Tech News and Commentary

Dave and the team discuss Apple’s WWDC announcements including iOS 16, new MacBooks, and more.



Peter in San Francisco, California listens on TuneIn and asked: “I got a message from T-Mobile who handles my account and the SMS message said “Your T-Mobile device has met unlock eligibility. To unlock your device, Please follow the instructions found here” and they give me a link. So I open the link in my browser and there’s all of these instructions on how to unlock my phone. And I don’t understand. I mean, I have to unlock my phone every time I use it anyway. So what are they telling me here, Dave? I don’t understand. Should I do it?

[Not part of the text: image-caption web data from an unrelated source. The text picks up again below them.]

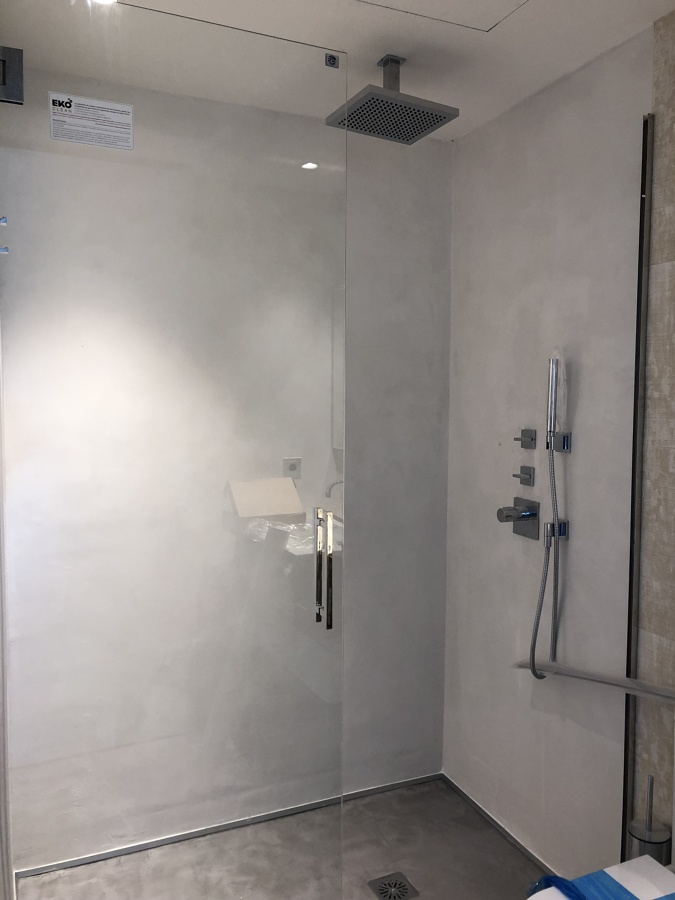 MICROCEMENTO EN PAREDES Y PLATO DE DUCHA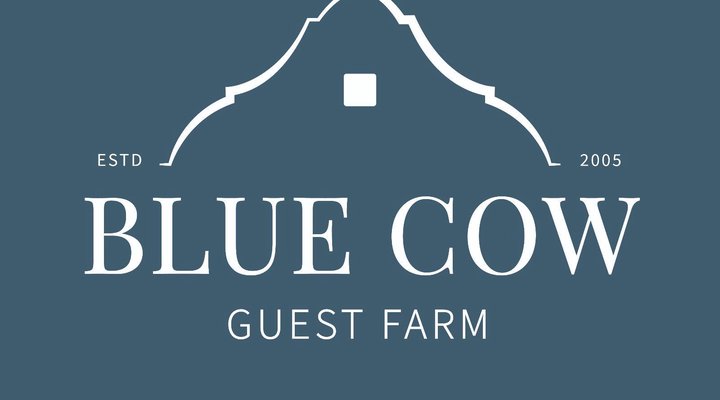 The Blue Cow Barn - Boutique Farm Accommodation 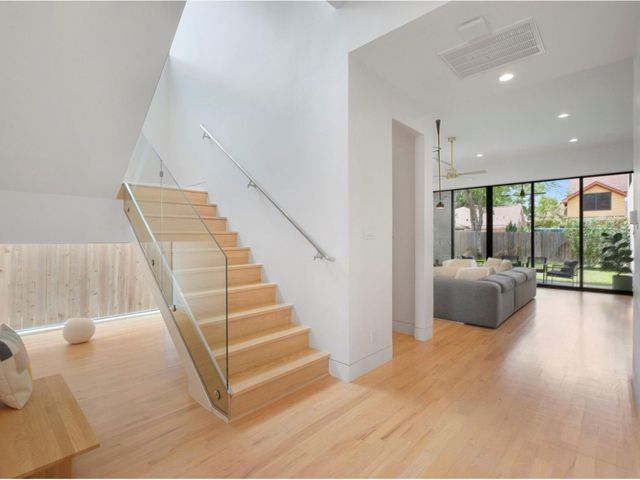 1912 Kipling Street, Houston, TX 77098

Should I ignore it or just don’t pay any attention to it?”

Peter, you can ignore it.

T-Mobile isnt telling you anything about your phones day to day settings (like locking a phone daily or leaving it unlocked), and its not telling you anything about locking or unlocking your service (as in, needing to do it to keep your service working).

You likely paid off your phone, or enough of it, and T-Mobile is letting you know that you can remove the lock that forces it to only work with T-Mobile and not other cell phone companies.

Unlocking it would be useful to you if you were interested in switching mobile phone service providers, like if you wanted to leave T-Mobile for AT&T, or if you wanted to use it abroad with a local carrier to save some money.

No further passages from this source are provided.